To effectively advocate for new offerings through your employer-sponsored plan, first build a coalition of peers and interested co-workers inside your company. Your voice will be much stronger as a group. If you’re writing to someone in power, advocating on behalf of 10 or even 20 people carries a lot more weight than just one. One way to spur interest would be sharing the results from your Tobacco Free Funds search among fellow employees. All plan participants are offered the same basket of mutual funds as you are, so they are probably asking the same questions right now.
The 401(k)/403(b) plan administrator, manager, or coordinator should be known if you are a plan participant, and that’s where to start. There could also be a chief sustainability officer or employee engagement manager, and those could be good resources. An effective method is to go to the LinkedIn pages of those people and find who might have some sympathy for the cause. Do any of them volunteer or have connections with organizations concerned with climate change? Look for indicators that they’re friendly to sustainability and start contacting them in order of their friendliness. In a publicly listed company with more structure, a coalition is vital to signal to managers that it’s an important issue for many employees. If it’s a smaller company, the CFO or CEO could be approached directly. In a mid-size or family company, a family member could be more influential.
The usual starting point in these conversations is: “We want to reduce the future risk of our 401(k) fund choices. We also want to invest in a healthy future. How can we enhance our 401(k) choices to do so?” Here are the criteria. Getting three new fund choices added to the list of the existing 15-30 is a formal process, and could take a year to be added. Larger companies often have some form of investment committee, which engages an investment advisor. There may be some funds in your plan that you see contain only one tobacco company or movie studio. You could ask the plan administrator to call the fund manager and say, “Is there a substitute for this one tobacco company? If you made one change you would be tobacco free!”

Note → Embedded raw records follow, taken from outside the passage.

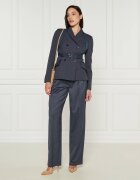 Elisabetta Franchi Jachetă | Slim Fit cu adaos de lână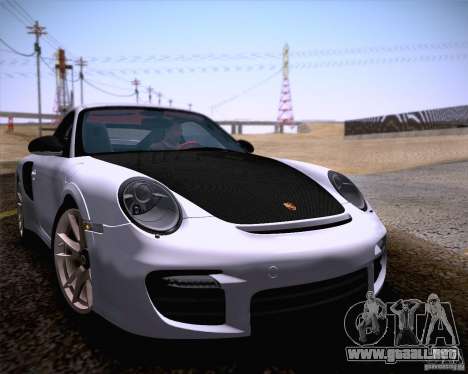Porsche 911 GT2 RS 2012 para GTA San Andreas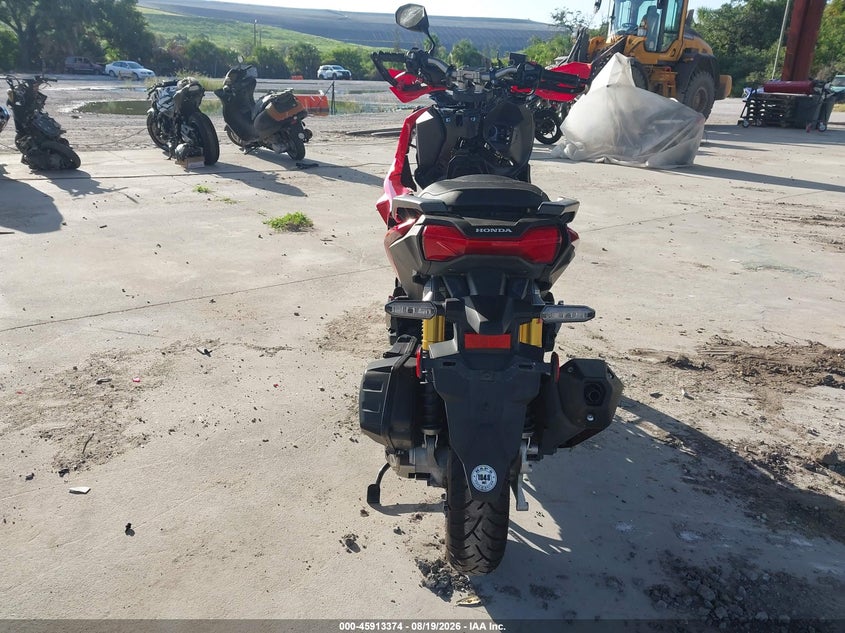 2022 HONDA ADV150 auction photo 6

If the investment advisor and plan administrator refuse to help in swapping out some tobacco heavy funds for some tobacco free funds, you may need to get fellow employees to sign a petition requesting the change and send it to the investment committee. If you are told, “But you’ll make less money if you’re not invested in tobacco.” You can say, “Actually, tobacco is a risky investment. We want to diversify, and be part of a healthy future.” (Check out this statement on tobacco divestment from the California State Treasurer.)
It’s much easier to divest and reinvest; it’s your money, and your financial advisor works for you. You just need to have a meeting to discuss what you have learned about your holdings and how you would like them changed to align with your values. An investment professional will advise you of potential risk and you can make your own decisions.
You can trade your own portfolio, or tell your manager to do it. They may push back and tell you that you’ll make less money. Again, you can reply, “Maybe, but it’s my money, I want less risk, and tobacco is a risky business.” It’s financial advisors job to make you money, so you should drive home the point in no uncertain terms. Ask for help finding the best choices. The advisor may say no if you tell them to invest in a specific fund because it has a short or rocky history, so you may need to be patient as they find a better alternative. The goal is to remove the risk, not a specific fund; focus on risk, especially future risk, as well as returns. If they’re being lazy or unwilling to help you with this transition, find a new advisor. If your broker is tied to a big-name brand, they may only be able to offer products that the particular company has approved. If you want innovation, you might need a new advisor.